Verfasser | Prof. Dr. Rolf Herber

Quelle: Recht der internationalen Wirtschaft. 1980 (9). S. 601–608.

Jahr: 1980.

4. Materielles Kaufrecht

a) Allgemeines, Definitionen (Art. 25 bis 29)

Den materiellen Bestimmungen sind nochmals einige Definitionen vorausgeschickt, die nur für diesen Teil des Übereinkommens gelten. Es sind jedoch weniger als nach dem EKG.
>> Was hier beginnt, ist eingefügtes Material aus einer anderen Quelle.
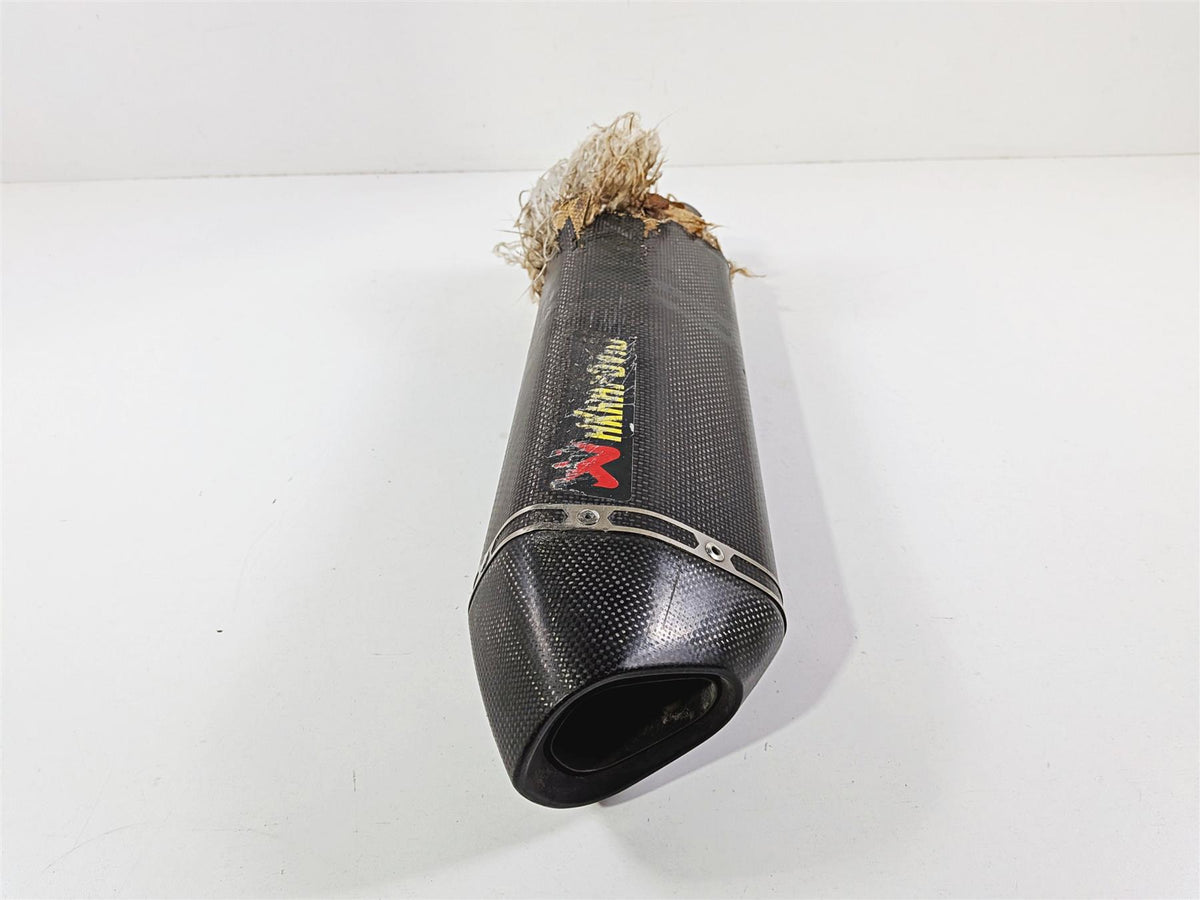 2016 BMW S1000RR K46 Damaged Akrapovic Carbon Fiber Exhaust Pipe Muffler M-HR045-Mototech271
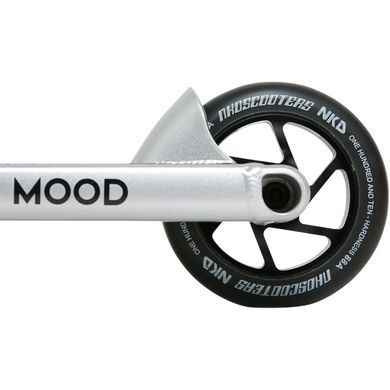 Трюковой самокат NKD Mood Scooter Grey цвет Серебристый 7
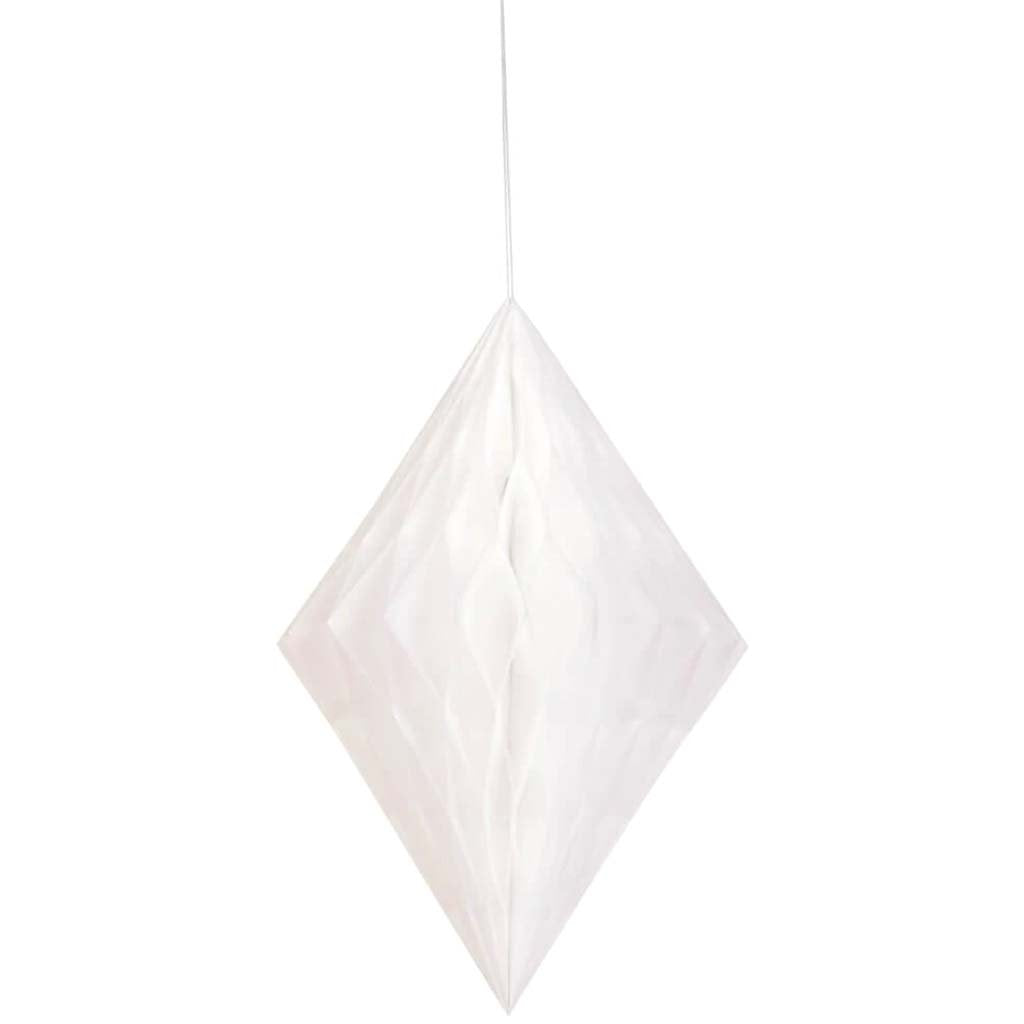 Tissue Paper Decoration 14in, White Diamond 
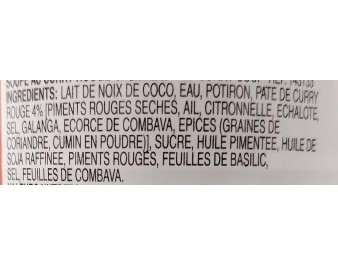 SOUPE DE CURRY ROUGE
Im Mittelpunkt des Interesses vor und während der Konferenz stand die Definition der „wesentlichen Vertragsverletzung“ (Art. 25). Sie mag im Verhältnis zu Art. 10 EKG noch gewisse Schwächen haben, konnte jedoch auf der Konferenz gegenüber dem Vorentwurf beachtlich verbessert werden. Wesentlich ist eine Vertragsverletzung danach stets dann, wenn sie dem anderen Partner einen Schaden verursacht, der seine nach dem Vertrage berechtigten Erwartungen entscheidend beeinträchtigt; dies gilt nicht, wenn der Vertragsbrüchige diese Folge nicht vorhergesehen hat und nicht vorhersehen konnte. Die Formulierung ist für den deutschen Juristen gewiß noch ungewohnter als die des Art. 10 EKG. Gleichwohl blieb das wesentliche Element der Definition erhalten, nämlich die Verbindung des Maßstabes mit dem Interesse der einen Partei an dem vertragsmäßigen Verhalten der anderen, im Ergebnis dürften in der Auslegung keine Unterschiede bestehen.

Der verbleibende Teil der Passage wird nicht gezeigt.